▶ ASSIGNED TASK
Could you transcribe exactly the lines below, from the line with "Hawaiian fishes, 1896, Oopu-hue. Picture" through the line with "രാജാക്കാട് കുത്തുങ്കലില്‍ ഭീതി", and nothing else, leaving out the pictures?

====== DATA UNDER STUDY ======

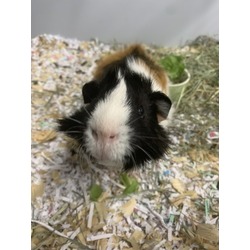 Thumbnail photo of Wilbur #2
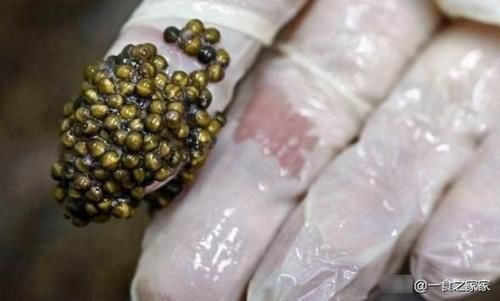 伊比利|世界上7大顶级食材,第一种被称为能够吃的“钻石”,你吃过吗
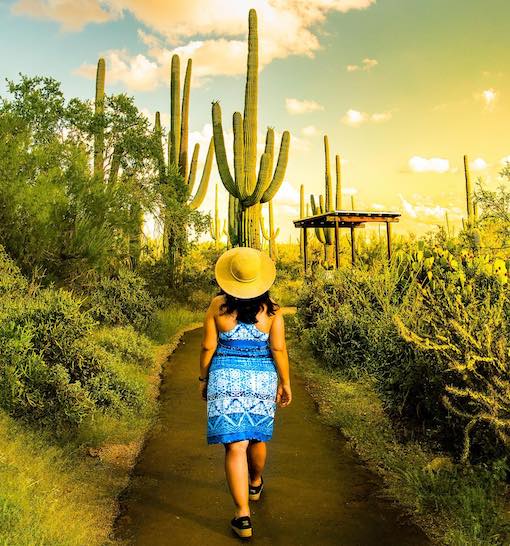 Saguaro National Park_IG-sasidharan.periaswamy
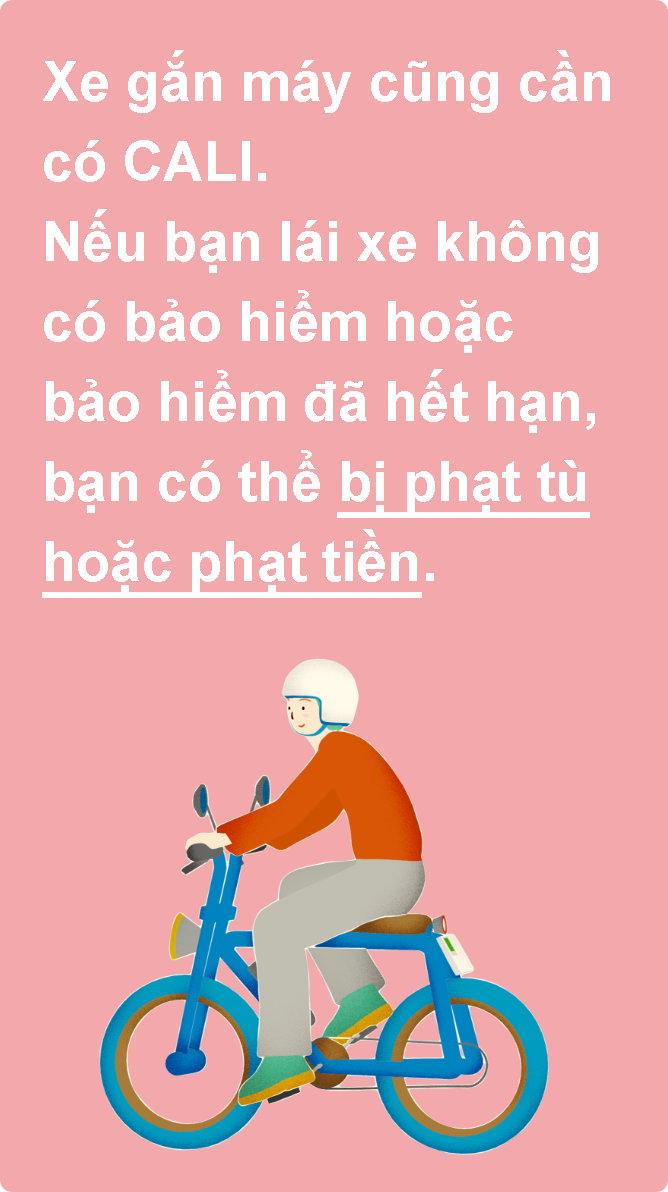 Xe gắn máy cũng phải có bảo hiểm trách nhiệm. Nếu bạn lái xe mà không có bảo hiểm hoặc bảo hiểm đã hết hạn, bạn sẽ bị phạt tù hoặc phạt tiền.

======
====== DATA UNDER STUDY ======

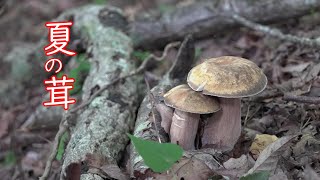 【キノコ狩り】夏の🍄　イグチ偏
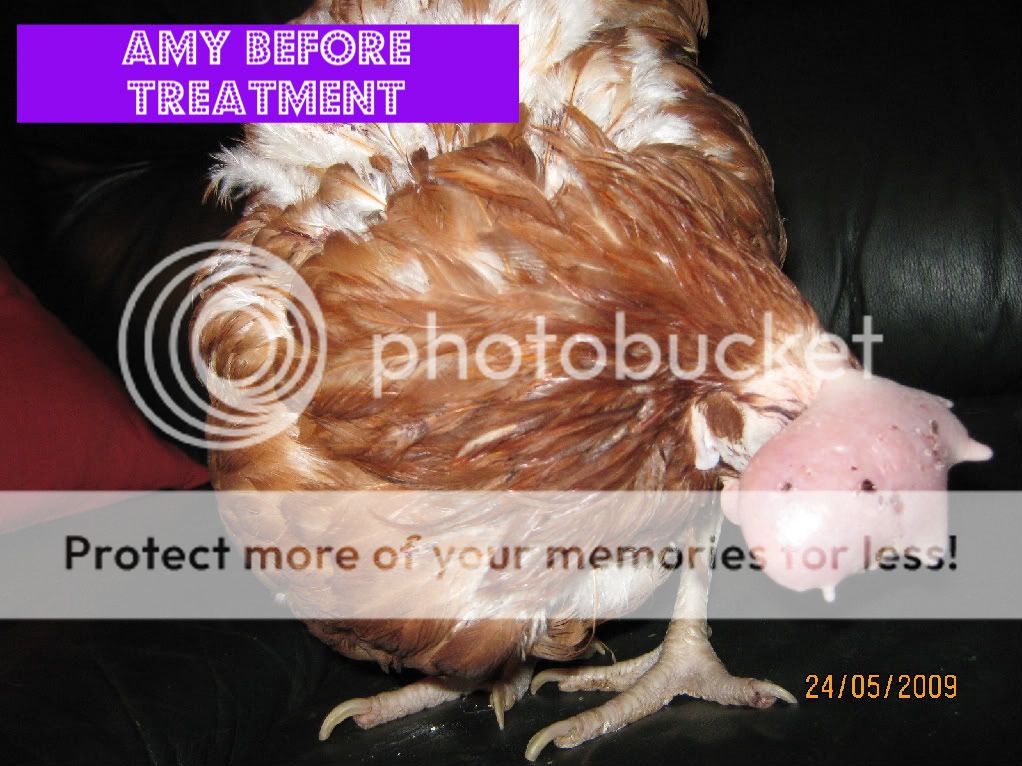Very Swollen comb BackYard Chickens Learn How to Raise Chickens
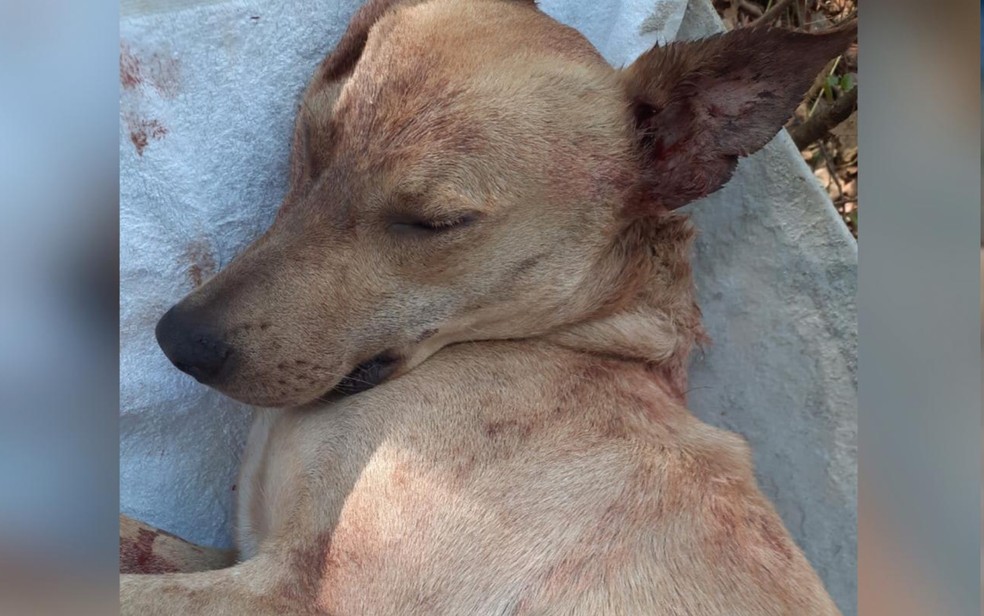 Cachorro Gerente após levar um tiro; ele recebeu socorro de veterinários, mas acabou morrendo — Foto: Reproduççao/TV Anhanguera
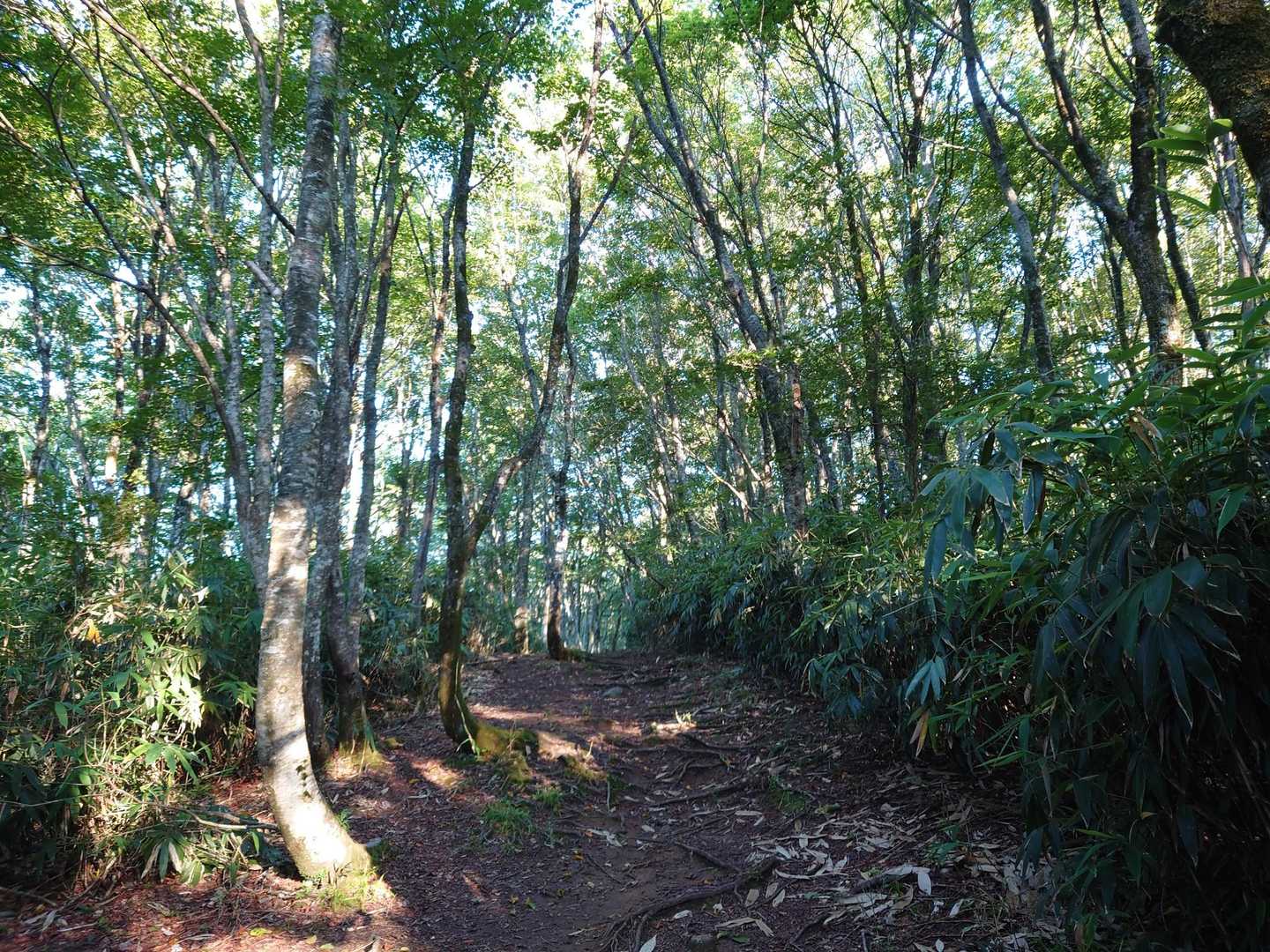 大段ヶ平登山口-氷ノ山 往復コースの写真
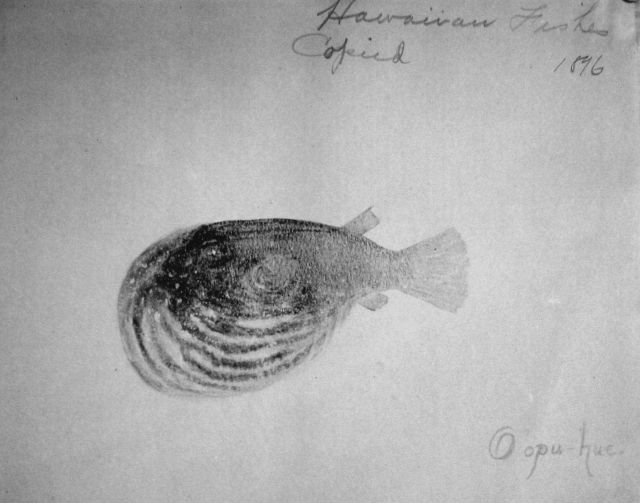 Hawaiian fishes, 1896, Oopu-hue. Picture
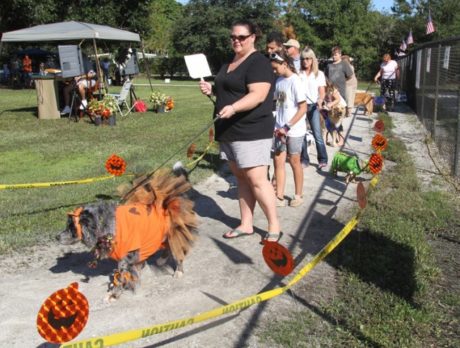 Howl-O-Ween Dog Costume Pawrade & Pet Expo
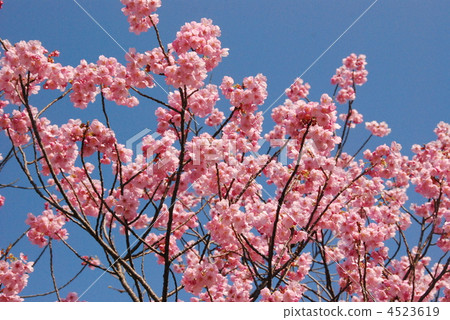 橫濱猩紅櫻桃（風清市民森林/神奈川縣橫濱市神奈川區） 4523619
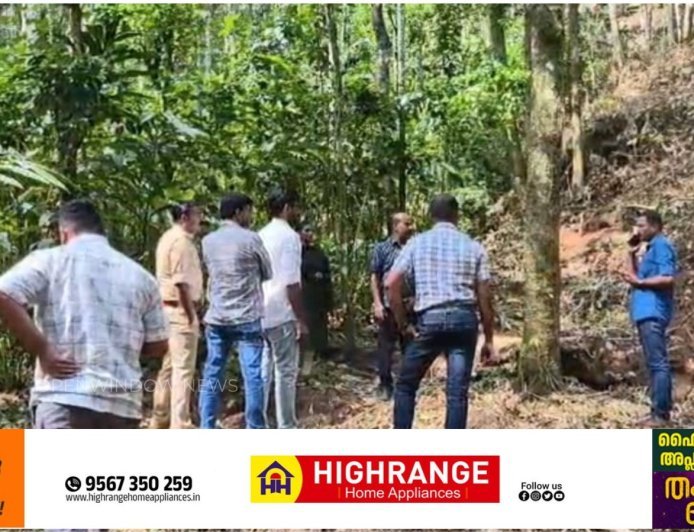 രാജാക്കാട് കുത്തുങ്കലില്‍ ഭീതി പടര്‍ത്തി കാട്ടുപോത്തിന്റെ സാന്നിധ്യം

======

▶ ANSWER TO THIS PROBLEM
 Hawaiian fishes, 1896, Oopu-hue. Picture
 Howl-O-Ween Dog Costume Pawrade & Pet Expo
 橫濱猩紅櫻桃（風清市民森林/神奈川縣橫濱市神奈川區） 4523619
 രാജാക്കാട് കുത്തുങ്കലില്‍ ഭീതി പടര്‍ത്തി കാട്ടുപോത്തിന്റെ സാന്നിധ്യം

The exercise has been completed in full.